Mr Churu said they were analysing an audit carried out by the Public Service Commission aimed at reducing the wage bill through duplication of duties.
Legislators had said there was a lot of duplication of duties in various ministries, something they said if addressed could reduce the wage bill that was taking the bulk of the budget. Mr Churu said while Government was analysing the audit by PSC, there were legal implications where their trade unions had to be engaged should there be need to terminate contracts.
“The wage bill is not an easy area to tackle, but it will be addressed one day,” he said.
Speaker of the National Assembly Advocate Jacob Mudenda had rapped legislators, saying examples of issues they ought to raise were reason for justification for paying ward coordinators and youth officers that were idle.
He said having one officer at district level could be ideal.
Adv Mudenda said the presence of Mr Churu was not an opportunity to put him in the dock, but to raise pertinent national issues.
“We have ward coordinators who are sitting, doing nothing,” he said. “There are also youth officers who are idle. These are the issues that you need to raise, to say instead of dismissing them, can’t they be funded so that they form cooperatives?”
Earlier on, Adv Mudenda castigated legislators for failing to take their representative roles seriously.

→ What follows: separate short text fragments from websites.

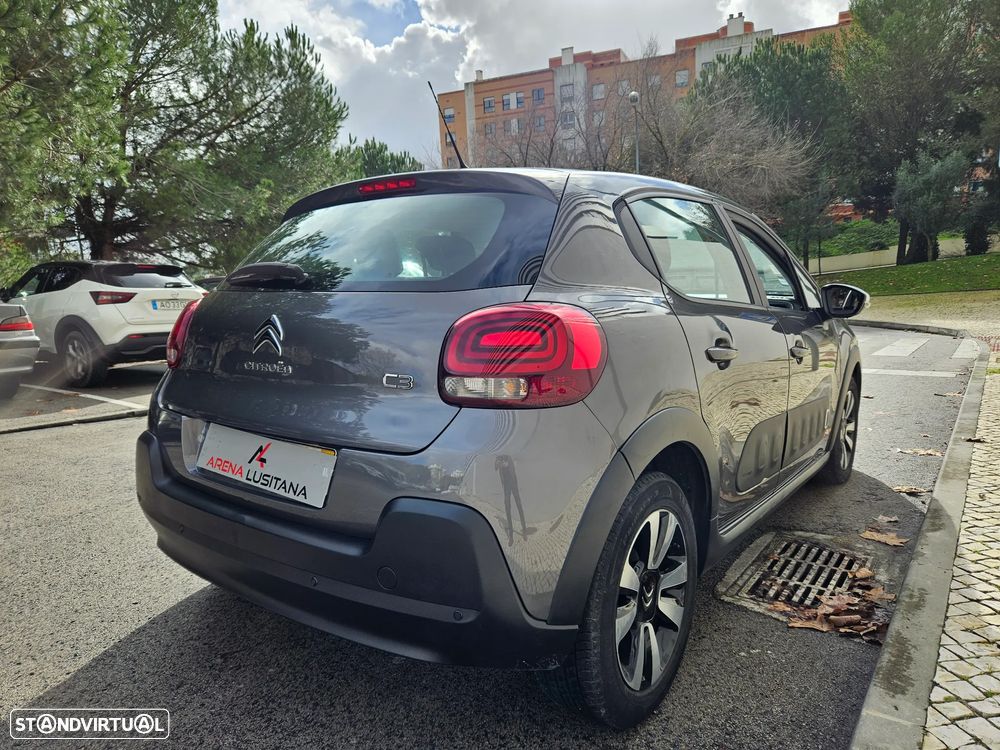 Citroën C3 1.6 BlueHDi Feel - 7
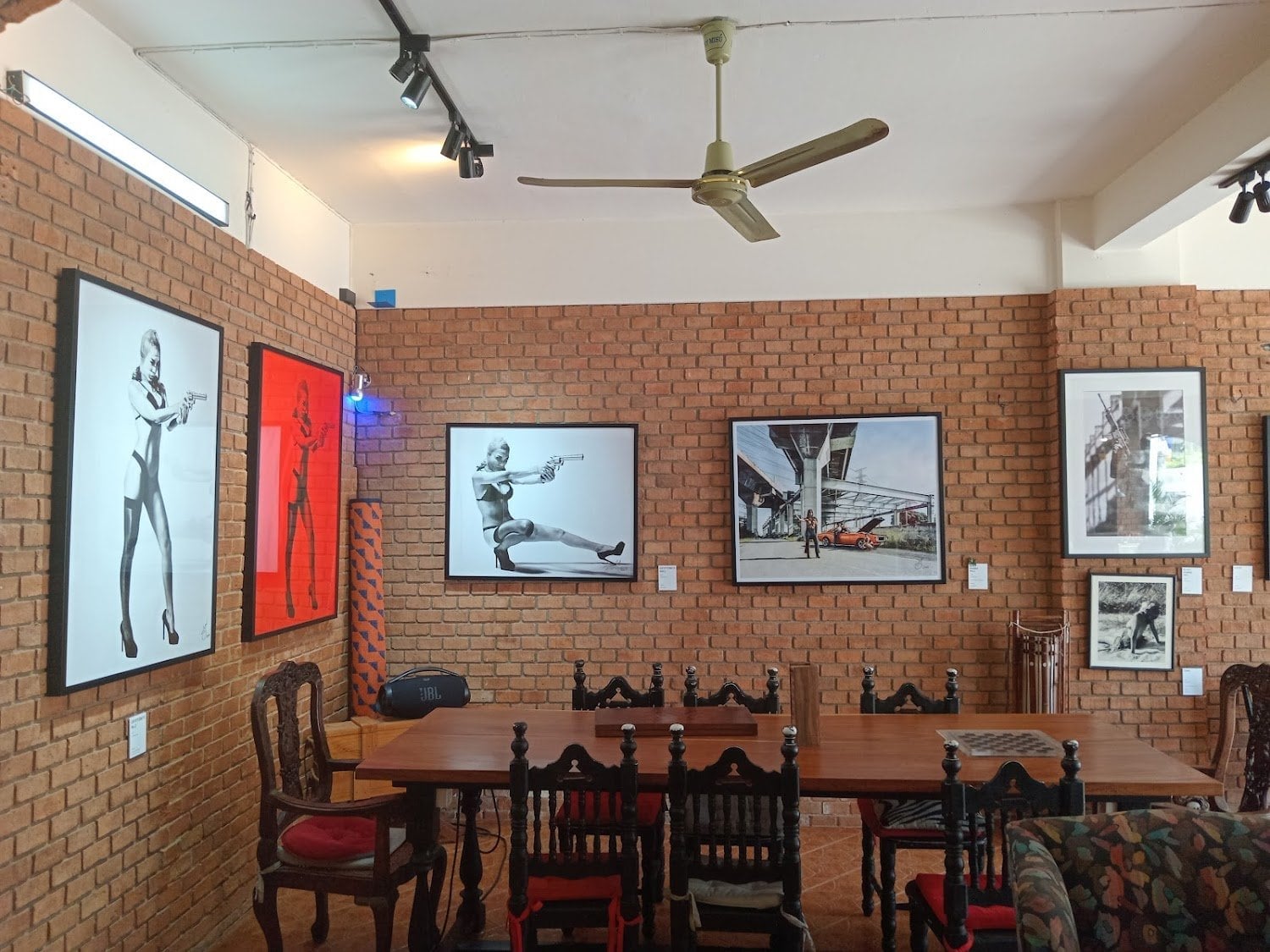 Pirateisland Pattaya Art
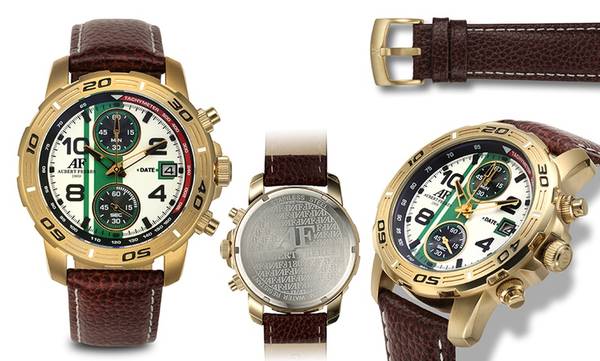 Aubert Freres Durand Chronograph Mens Watch 1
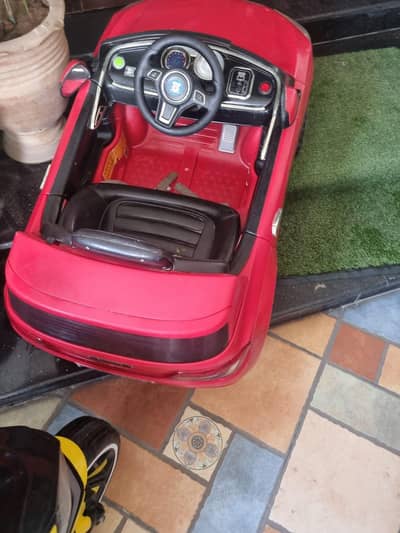 Kids Car Electric new Battery
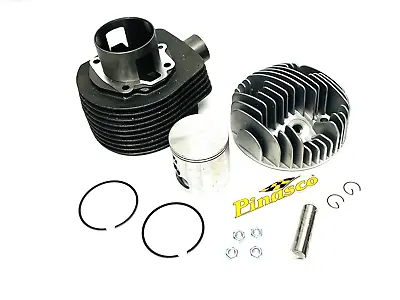 VESPA 150 SPRINT GL SUPER VBB 177cc PINASCO HIGH PERFORMANCE CYLINDER KIT • $355.15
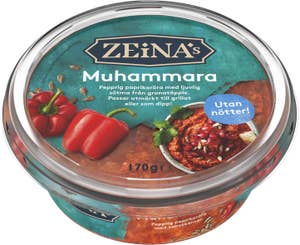 Zeinas Muhammara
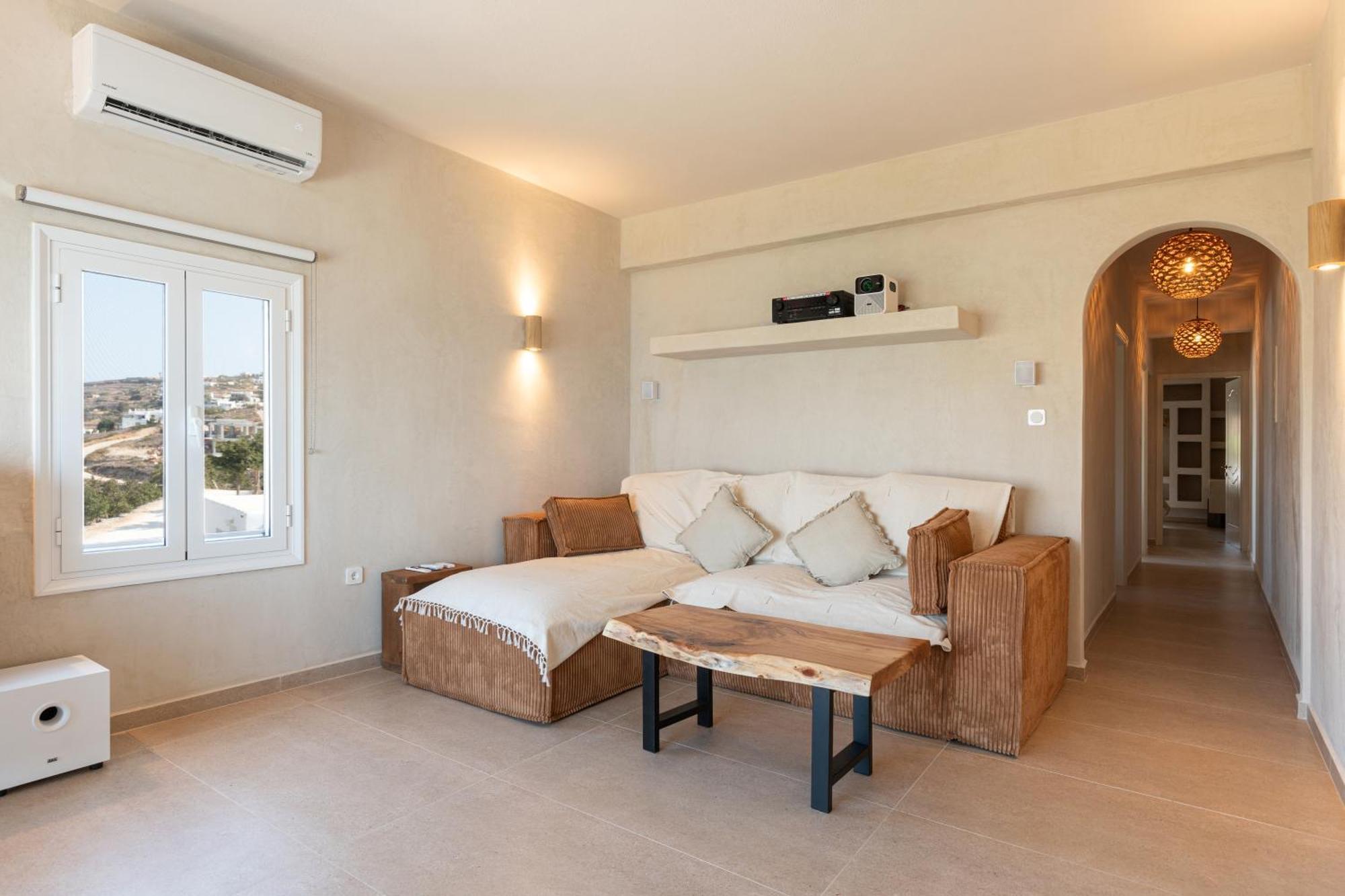 Krios Luxury Suites Krotiri Экстерьер фото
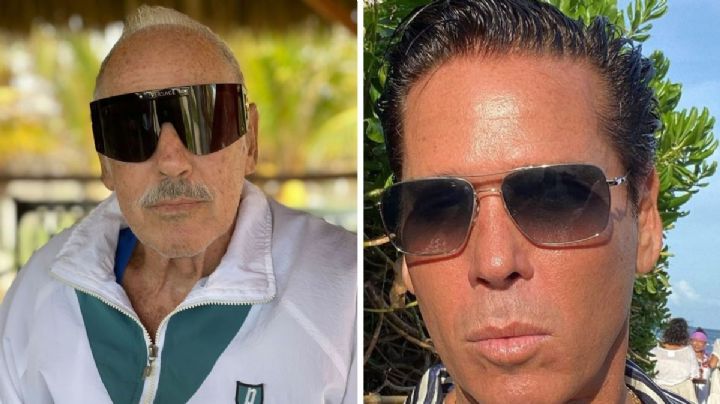 Se picó entre Andrés García y Roberto Palazuelos y aquí te contamos por qué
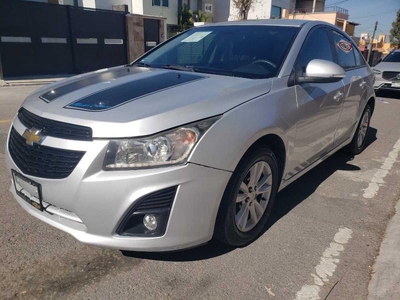 Chevrolet Cruze 1.8 Lt L4 At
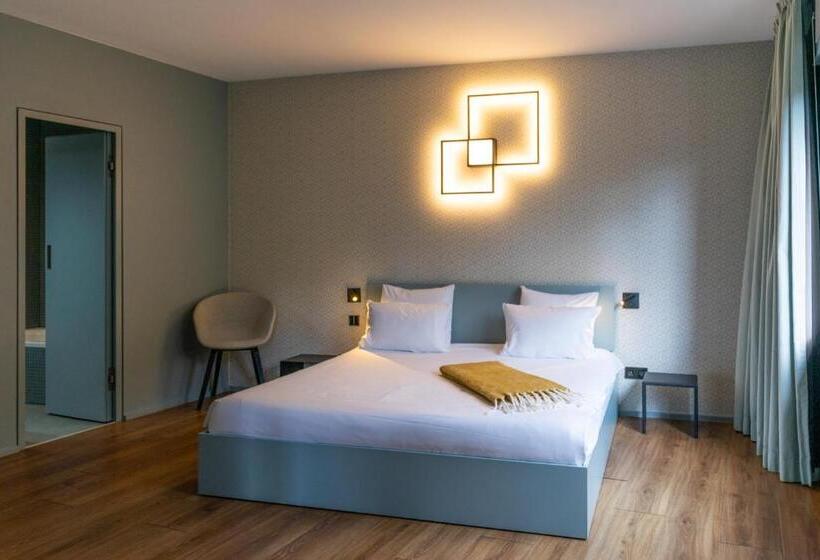 هتل Hostellerie Du Grünewald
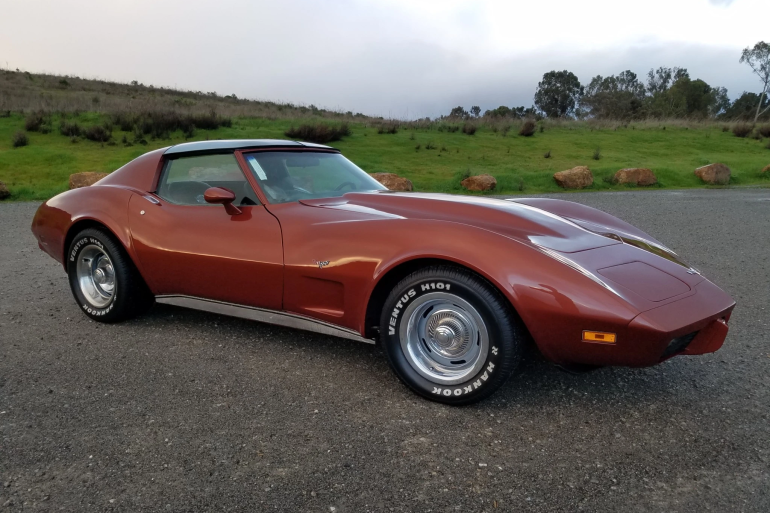 Corvette Of The Day: 1977 Chevrolet Corvette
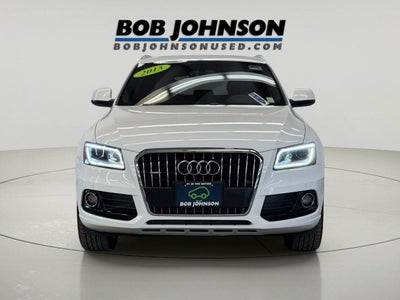 2015 Audi Q5 Premium Plus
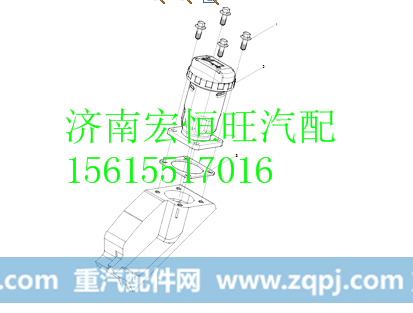 612600014006潍柴P12发动机加机油短管,612600014006潍柴P12发动机加机油短管,济南宏恒旺汽车配件商行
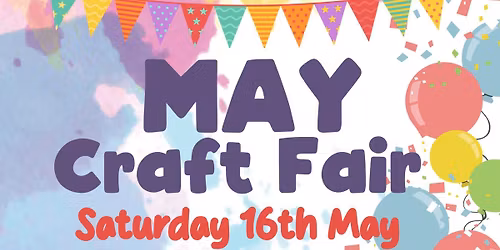 May Craft Fair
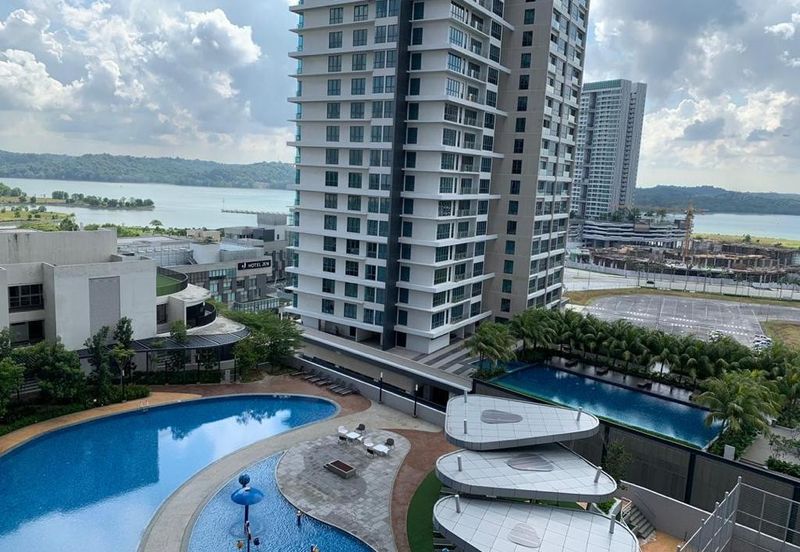 Encorp Marina Puteri Harbour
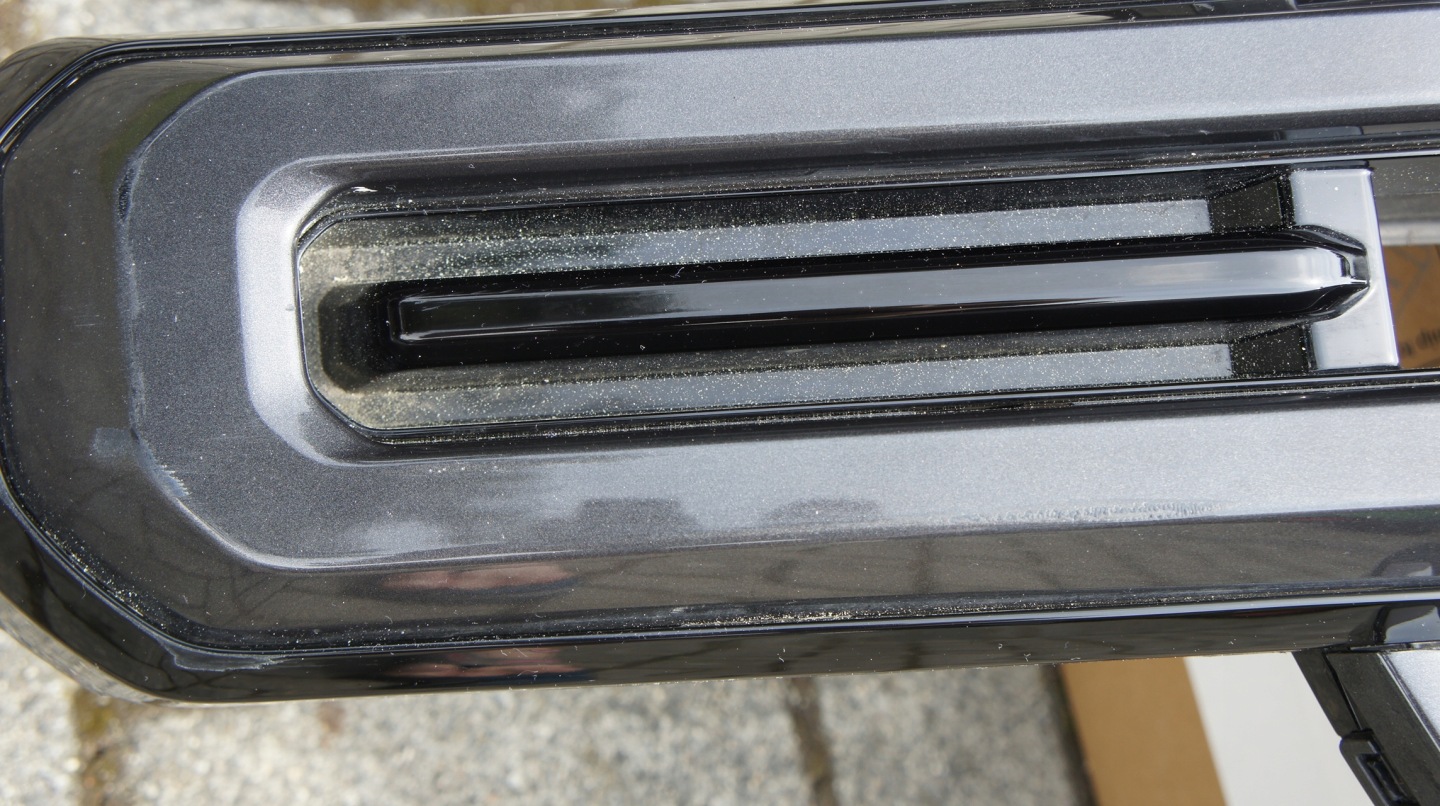 Ford Ranger 4 Mk4 Kühlergrill FRONTGRILL Kühlergitter - Thumbnail 3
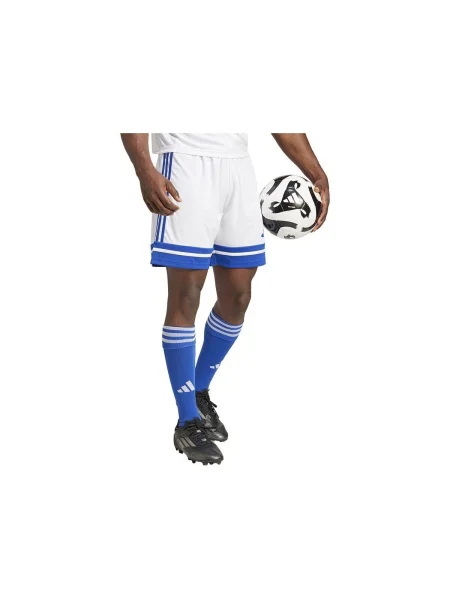 Nohavice Adidas biela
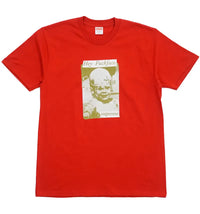 Supreme Fuck Face Tee Red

This was after a handful of MPs had read and brought an Economic Literacy Handbook with them, despite the fact that it had been deposited in their pigeon holes in June.
The handbook, a collaboration of Parliament and development partners, had been prepared for yesterday’s workshop.
“We commit ourselves as you saw when you were sworn in to be loyal to your responsibilities,” said Adv Mudenda. “The work of Parliament rests with portfolio committees. That is the heart of Parliament. If the heart is not pumping blood, the whole body is dead.”
Giving a brief about the workshop on behalf of USAID SERA-Zimbabwe, Mr Rongai Chizema said the Economic Literacy Toolkit was a strategic resource towards strengthening the legislators’ knowledge base.